Secondly, the oops on our part is the fact that often we have been close-minded and arrogant. I’m speaking of the times when the world is actually correct in their assessment. If we could pray for God to give us a Humble Orthodoxy and a good mixture of love for doctrine & love for people, those labels would slowly fade. Not entirely, but slowly. We are called to believe and know the truth, to let it humble us, and then spread it. Our problem is we find the truth, boast in the gift and the gift-getter rather than the Gift-Giver, spread the “truth” that others need to live like us instead of like Jesus, and end up pushing people farther away from the cross. We must be bold, confident, and humble. Close-minded in doctrine, but open-minded in methods and love.
- “I think of this thing that Ghandi said, ‘I would’ve become a Christian except I’ve never met one’. I mean I haven’t met very many true Christians in my life.”
I’m not sure what Ghandi meant by that. Either he was saying he’s never met a true Christian and doesn’t know who/what they are; Or he knows what/who a true Christian is and because of that knowledge, knows that he’s never met anyone meeting those qualifications. This statement is pretty accurate as well. Again, true born-again believers are often hard to find.

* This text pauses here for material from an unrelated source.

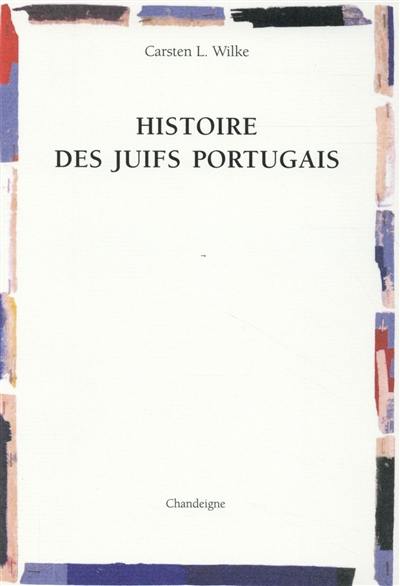 Histoire des Juifs portugais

Most people in this country that call themselves Christian have not met personally with God through repentance and faith in Jesus Christ. They’ve had a religious experience involving superficial superstitious requirements. In fact, the world doesn’t know what true Christians are either. They only have their own idea and perception of what true Christians are to look like: tolerant, lovey-dovey (meaning tolerant), kind, compassionate, concerned mostly for the physical needs of others like homeless, the hungry, the widow, etc. But there’s never any room for holy, righteous, selfless, lovers of God and truth in the world’s definition of a Christian.
- “For the most part I think people should be taken out back and shot because they don’t apply the ‘love is everything’ message of Jesus”.
Either this guy has obviously had some bad run-ins with some “Christians”, met some true Christians who treated him wrong, or he got upset at some true Christians for telling him the truth. Either way, his angry reaction does make a point: some way or somewhere somebody left an impression on him. Be it good or bad. But chances are his “love is everything message of Jesus” doesn’t include absolute beliefs like God is holy, angry at sinners, full of wrath, intolerant of sin, sending sinners to Hell and Judgment, and loves Himself and His glory more than anything.
Saints, love is being honest with someone about reality. And then sharing that truth with them in a loving way. Love=truth with love!